The BBC & PBS Release First Look at 'Walking With Dinosaurs'
Those old enough to remember the last century may recall 1999's Walking with Dinosaurs and the controversy surrounding its release. An early instance of using what was at the time state-of-the-art computerized graphic images (CGI) to illustrate scientific discoveries, Walking with Dinosaurs was derided as trash and the first step by the BBC and U.S. broadcaster/co-producer Discovery away from their missions as factually based networks. (Though the network changed its name from The Discovery Channel to Discovery in 1995, it was still the home of science-and-nature-focused programming, having not yet gotten into red-state-coded reality fare.) Despite massive ratings, three Emmys, two BAFTAs, and a Peabody, critics viewed the series as somehow unwholesome; the BBC and Discovery betraying science and real-world-based archeology for sensational CGI dinosaurs like this were Jurassic Park, precisely the sort of programming PBS would never stoop to broadcast.
It's a quaint reminder of how much our TV landscape has changed in the last quarter century; nowadays, Discovery has no interest in co-producing something with actual science behind it. (Considering the company handed the entire DIY Network to the fundamentalist Christian couple, Chip and Joanna Gains, to remake in their own image, one assumes there are concerns in declaring dinosaurs "real.") Meanwhile, PBS is all over being part of the show's revival, with both Germany and France's public broadcasters boarding it as well.

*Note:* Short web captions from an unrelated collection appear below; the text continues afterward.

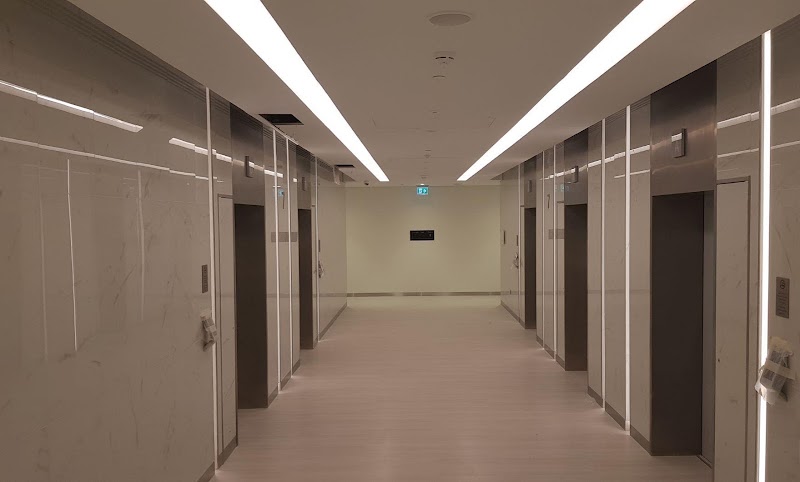 Dubai Hills Estate Business Park 4 - Dubai Hills Estate Business Park 4, 464Q+8Q7 - Al Khail Rd - Hadaeq Sheikh Mohammed Bin Rashid - Al Quoz - Dubai - United Arab Emirates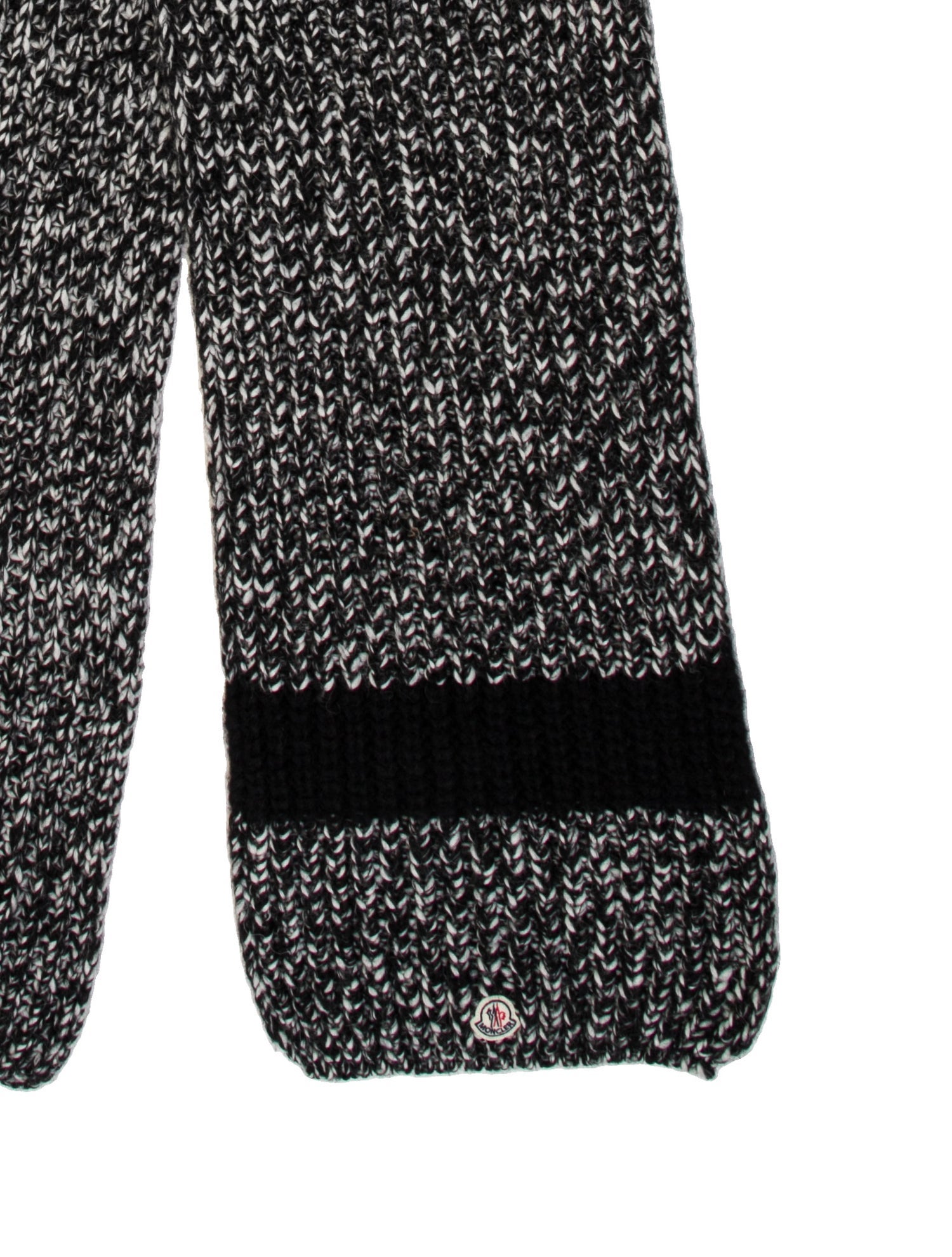 Moncler Acrylic Scarf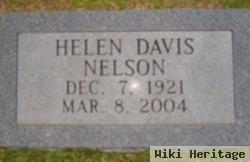 Helen Davis Nelson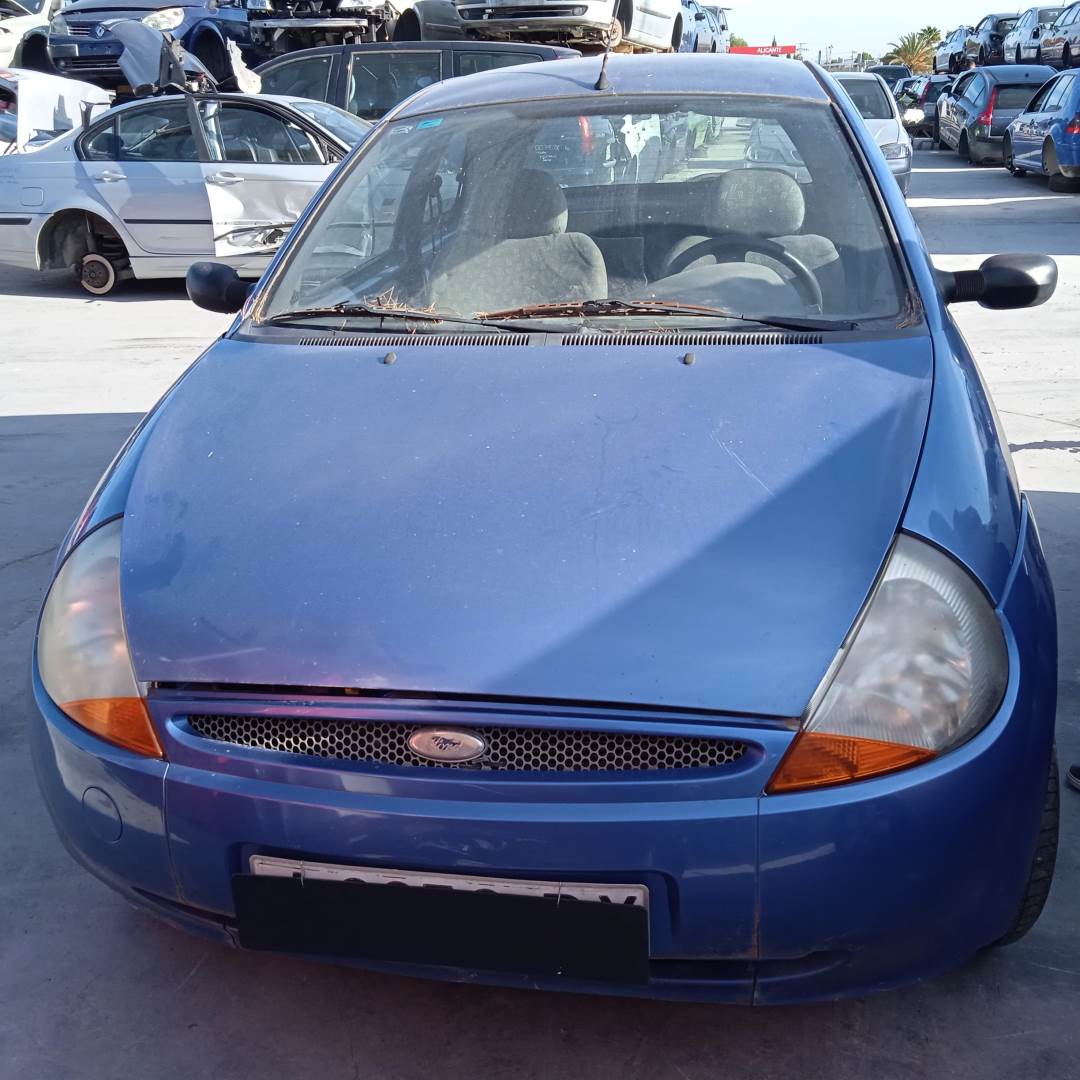 FORD KA (CCQ) (1996 - 2008)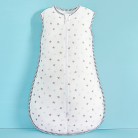 Newborn Cotton Sleeping Bag Sleeveless And Breathable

The first images from the series are now out, and CGI has come a long way since the 1990s. So has dinosaur research, with the first images including a family of Pachyrhinosaurus lakustai, one of three known species of Pachyrhinosaurus. They kinda look like Triceratops and are plant-eaters with a thick slab of keratin-covered bone over their nose, known as a boss. The other is the Albertosaurus, a small but deadly feathered relative of T. Rex; feathered dinosaurs have only been confirmed since 2000, as science found preserved fossil evidence of feathers gracing related species.